Data Wrangling and Query Generating Operators for R. Distributed under choice of GPL-2 or GPL-3 license.
https://winvector.github.io/rquery/
Other
109 stars 15 forks source link

Feature Request: Natural_Join on columns with different names. #12

Closed NompuK closed 5 years ago

NompuK commented 5 years ago

When I try to do this:

dbopts <- rq_connection_tests(con)
db <- rquery_db_info(connection = con,
                     is_dbi = TRUE,
                     connection_options = dbopts)

table1_td <- db_td(db, "table1 ", qualifiers = c(schema = "schema1"))
table2_td <- db_td(db, "table2 ", qualifiers = c(schema = "schema2"))

join_sql  <- table1_td %.>%
                  natural_join(. , table2_td , by = c("id1" = "id2")) 

I get this error:

Error in natural_join.relop(., table2_td , by = c(id1 = "id2")) : rquery::natural_join.relop all tables must have all join keys, the following keys are not in some tables: id2

From the error message I take the insight that it is not possible to join two tables on columns with different names. Trying with theta_join() didn't work either, when using the = predicate (using any other it worked). My workaround was so far to rename the columns in one table for them to match the column names in the other table.

If I'm wrong, I'd be happy to be shown a solution. If that's indeed the case then this is probably a feature request.

JohnMount commented 5 years ago

You are correct: for natural join the keys must have the same name in both tables (also true for theta-join). I'll think on this as a feature request, I have some ideas how to fit it in naturally.

JohnMount commented 5 years ago

Thanks for your help and patience with this project.

I am liking a solution where the software inserts an explicit rename() node for the right table if needed.

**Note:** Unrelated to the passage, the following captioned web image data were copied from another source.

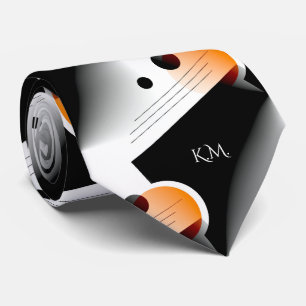 Cravate Flamboyant Moderne Orange Géométrique Chic Monogra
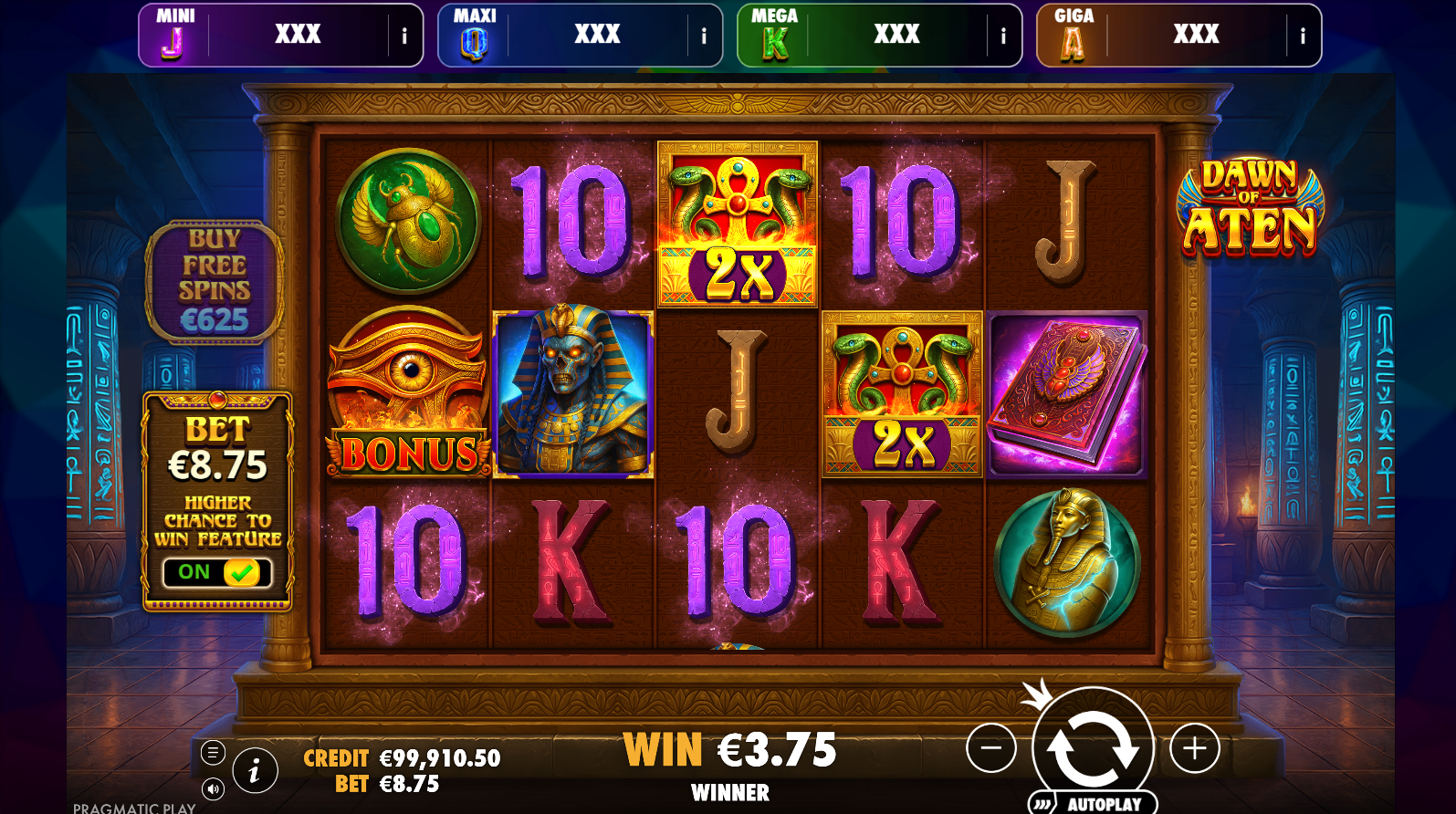 Dawn of Aten ante bet feature enabled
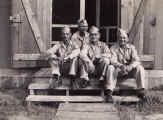 Al & budies on steps of barracks - Camp Phillips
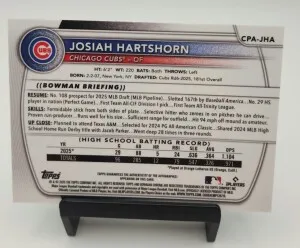 2025 Bowman Chrome Josiah Hartshorn 1st Auto Lava Refractor /199 Cubs back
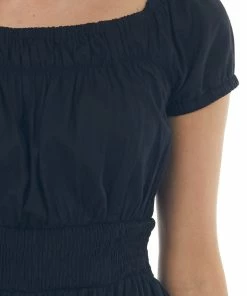 HYFVE Black Smocked Waist Peasant Style Midi Dress Dresses 13 HYFVE Black Smocked Waist Peasant Style Midi Dress Dresses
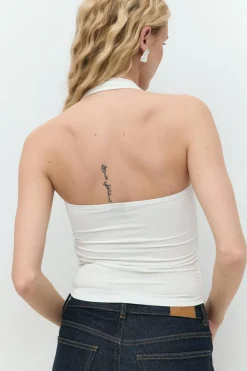 Soft touch halterneck top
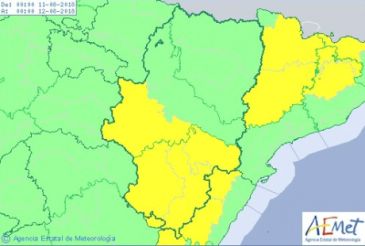 Nuevo aviso de nivel amarillo por lluvias y tormentas en Teruel para este sábado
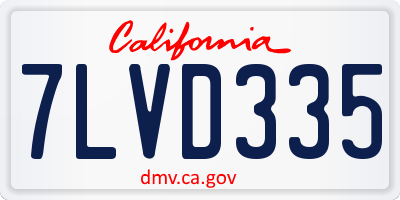 CA license plate 7LVD335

Here is an example of the new (rquery 1.3.6) capability.

library("rquery")
library("wrapr")

raw_connection <- DBI::dbConnect(RSQLite::SQLite(), ":memory:")
RSQLite::initExtension(raw_connection)
db <- rquery_db_info(
  connection = raw_connection,
  is_dbi = TRUE,
  connection_options = rq_connection_tests(raw_connection))

t1 <- rq_copy_to(db, "t1", data.frame(a = c(1, 2), b = c(3, 4)))
t2 <- rq_copy_to(db, "t2", data.frame(c = c(2, 1), d = c(6, 5)))

ops <- natural_join(t1, t2, by = c("a" = "c"))
cat(format(ops))
#> table(`t1`; 
#>   a,
#>   b) %.>%
#>  natural_join(.,
#>   table(`t2`; 
#>     c,
#>     d) %.>%
#>    rename(.,
#>     c('a' = 'c')),
#>   j= INNER, by= a)

execute(db, ops)
#>   a b d
#> 1 1 3 5
#> 2 2 4 6

DBI::dbDisconnect(raw_connection)
NompuK commented 5 years ago

Awesome. I think that is a good solution. It's intuitive and people know it from dplyr.

JohnMount commented 5 years ago

Great, the feature is committed and will go to CRAN in the next release (probably a month).